She Hate Me Review

by Harvey S. Karten (harveycritic AT cs DOT com)
July 30th, 2004

SHE HATE ME

Reviewed by Harvey S. Karten
Sony Pictures Classics
Grade: A-
Directed by: Spike Lee
Written by: Spike Lee, Michael Genet
Cast: Anthony Mackie, Kerry Washington, Dania Ramirez, Ellen Barkin, Monica Bellucci, Jim Brown, Sarita Choudhury, Ossie Davis, Brian Dennehy, Woody Harrelson, Bai Ling, Lonette McKee, Paula Jai Parker, Dania Ramirez, Q-Tip, JohnTurturro Screened at: Review, NYC, 7/6/04

    In Spike Lee's most mature work to date, the celebrated director takes aim at our currently debased corporate culture, comparing (by implication) the Enron debacle, Martha Stewart's greed, the WorldCom scandal among other iniquities with an unusual category of prostitution. Though the metaphor–here given specific, graphic life–is far from original, Lee documents his take on the evils of big business with graphic scenes and a good deal of humor, in a couple of instances reviving the Watergate break-in, one of the most corrupt antics of Big Government in the last century.

    With a script that Spike Lee wrote together with Michael Genet we are thrown into the fortieth-floor Wall Street office of a major pharmaceutical firm, a company which has regularly inflated its balance sheets and which allows the higher-ups to bail out of their stock holdings while shafting the 401(k) plans of regular employees when the corporation's anti-AIDS vaccine is rejected by the Food and Drug Administration.

    In a stunning performance, Anthony Mackie ("8 Mile," "Hollywood Homicide") takes on the role of John Henry "Jack" Armstrong, a vice president of the firm who, together with Margo Chadwick (Ellen Barkin) reports to CEO Leland Powell (Woody Harrelson). When Armstrong, furious about the freezing of his funds, blows the whistle on the scandal, he is fired and blacklisted. Unable to find employment in his field, he is persuaded by his ex-girlfriend, Fatima Goodrich (Kerry Washington) to become a one-man, direct sperm back for lesbians who want to have babies of their own but for one reason or another have been unable or unwilling to adopt or to take their chances with fertility clinics. Since Armstrong is intelligent, strong, and virile (the last attribute helped by his gulping regular doses of a herbal Viagra called Horny Goat Weed), he soon finds small armies of women lining up outside his Manhattan digs. Lee milks humor from his wide assortment of baby-seeking lesbians, who range from the big-sexual Fatima, whose emotional attachment to Armstrong is threatening to her female lover; the seductive Asian-American Oni (Bai Ling), who is gentle and undemanding; and an assortment of aggressive, insistent women who demonstrate to Jack–and by extension to us in the audience–what it feels like to be a sexual object.
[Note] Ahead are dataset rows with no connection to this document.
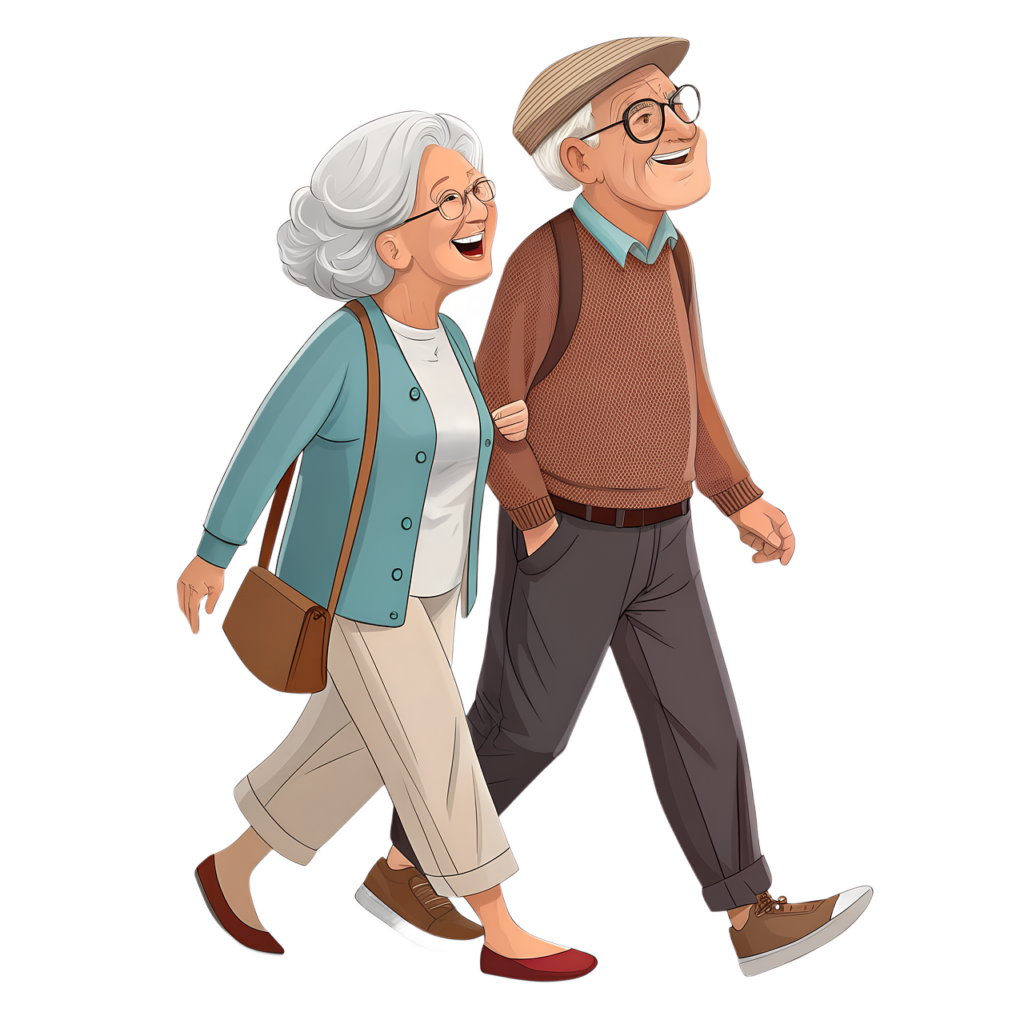 pair, love, happy, marriage, attitude, smile, attachment, spouses, elderly, lady, old, pensioner, stroll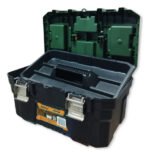 Caja De Herramientas + Candado Jadever Jdtb3316 Con Bandeja Verde Musgo - Image 4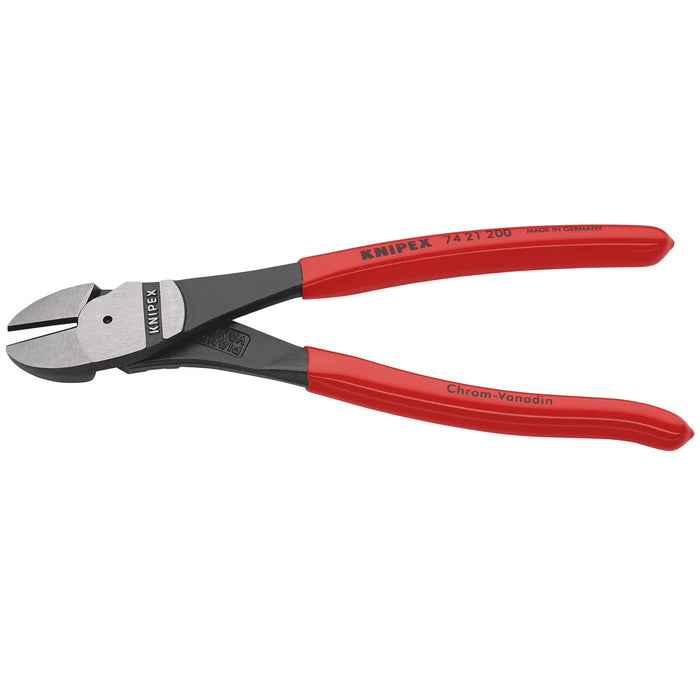 KNIPEX 74 21 200 SB High Leverage Diagonal Cutter, 200mm - 74 21 200 SB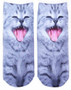 New 3D Printed Cotton Skeleton socks Bone short Women socks Terror novelty socks Animal cat Cute funny Low Cut Ankle Socks men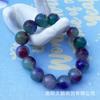 Pulsera de cuarcita de jade malayo para hombre y mujer, de cuentas redondas, anillo sencillo de 13 mm, puesto de pulseras, mercado nocturno, suministro para lugar escénico, venta al por mayor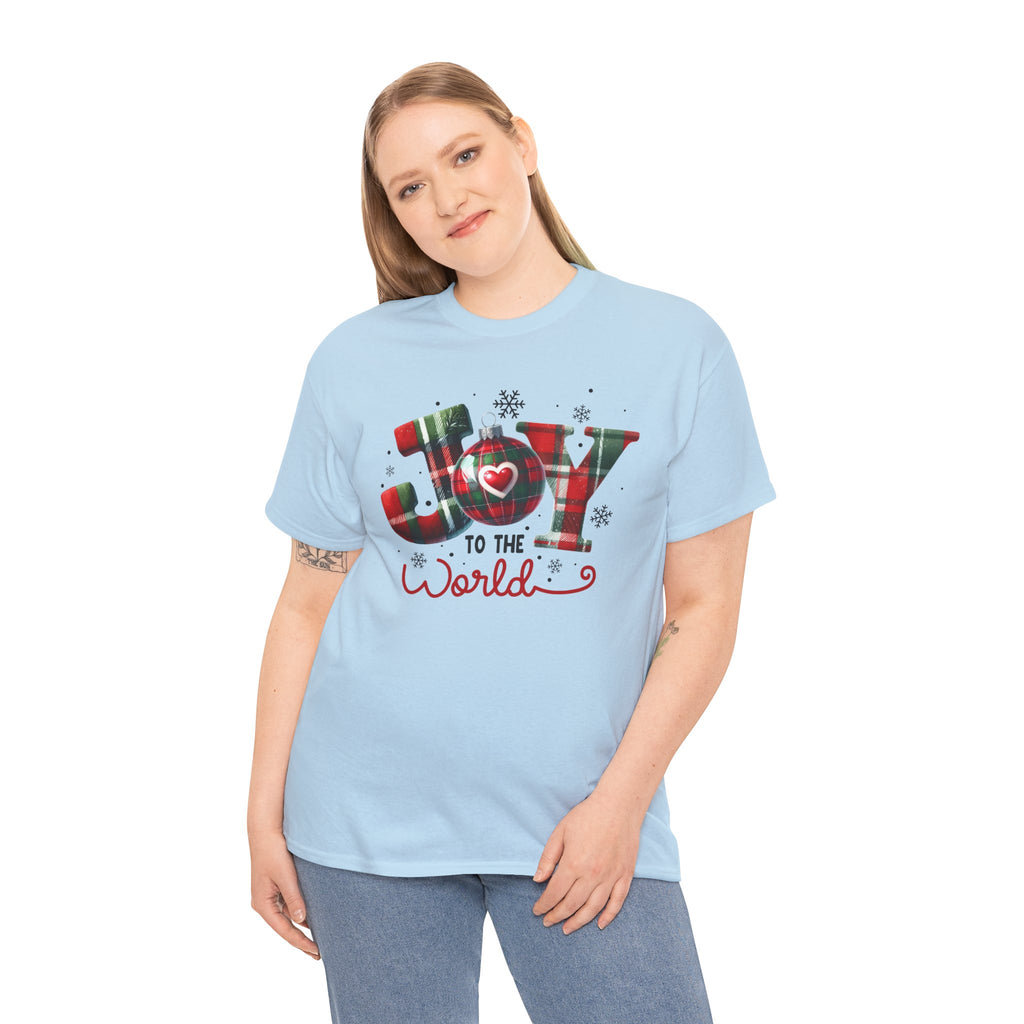 Joy to the World -Heavy Cotton Tee - Christmas Holiday Shirt
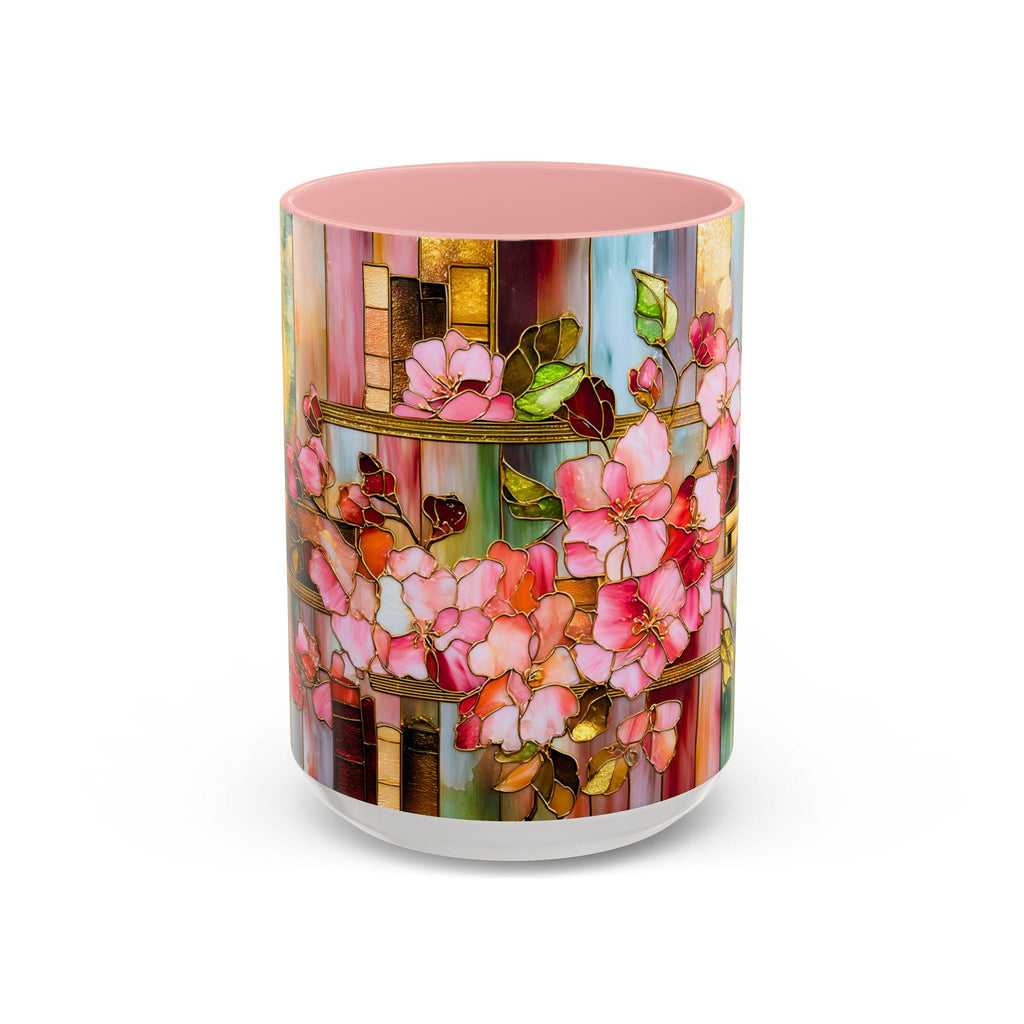 LELORESTORE Floral Bookshelf Mug, Bookish Coffee Cup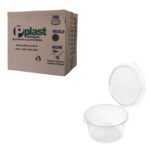 POTE REDONDO 250ML COM TAMPA ARTICULADA P 742 CX COM 200 UND - PPLAST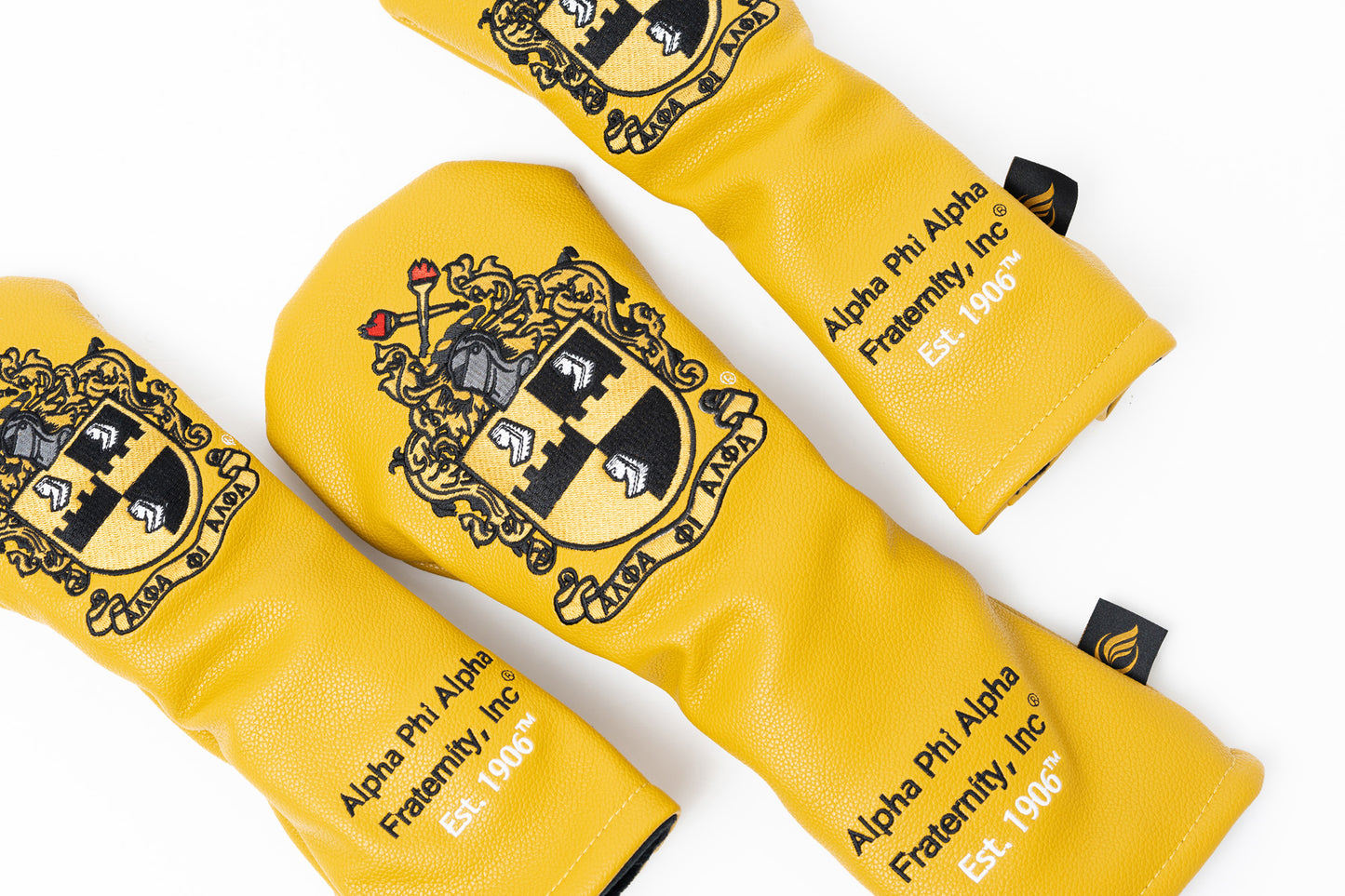 Alpha Phi Alpha Old Gold Golf Covers (Set of 3)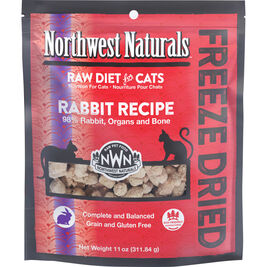 Northwest Naturals Raw Freeze-Dried Cat Food, Rabbit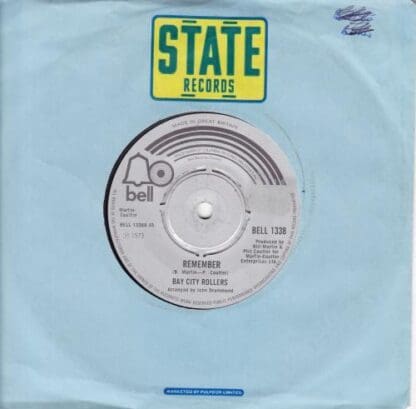 Remember / Bye Bye Barbara 7" (UK 1973):Bay City Rollers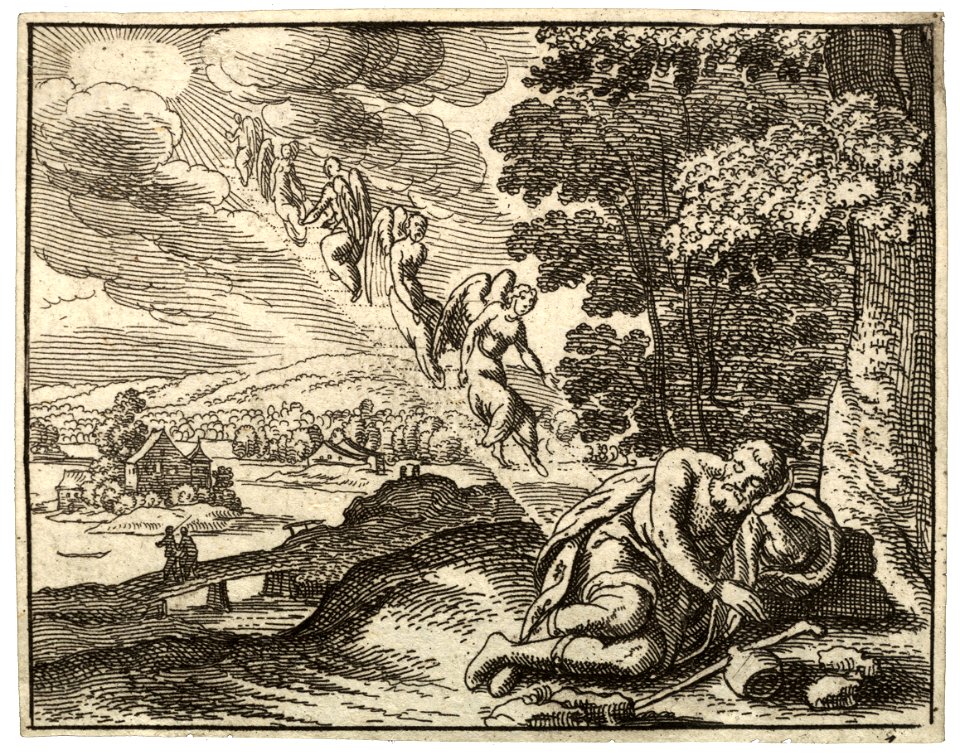 Wenceslas Hollar - Jacob and Rachel (State 2)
Lee utilizes animation to show sperm cells racing toward their targets.

    The moral questions posed by the picture would keep NYTimes ethicist Randy Cohen occupied for well over a month. To what extent is a man responsible for taking care of his offspring even if his kids are in the sole custody of their mothers? What can be done to protect whistle-blowers who are threatened with blacklisting? To what extent should pharmaceutical companies–and by extension corporations in other fields of endeavor–make their life-saving products available to millions who cannot afford them? In the broadest sense, what is the meaning of family?

    Mr. Lee has come a way since his black-and-white, breakthrough film, "She's Gotta Have It," which shares a theme with the current pic by focusing on a sexy, independent black woman and the three "macho" men who compete for her undivided attention. Instead of the choppy acting and charming, albeit banal, use of a sequence filmed in color, this time Lee parades a group of talented, well-known performers before us, people in roles as diverse as Jim Brown as Jack's diabetic father, whose relationship with his wife is argumentative but loving; Woody Harrelson as the conniving, money-grubbing CEO; Monica Bellucci as the tantalizing Italian-American who uses Jack to make her dad a grandfather; and John Turturro as Don Angelo Bonasera, a self-deprecating mafia "dinosaur," the last of his breed, who is surprisingly accepting of his daughter's one-night stand with John Henry Armstrong.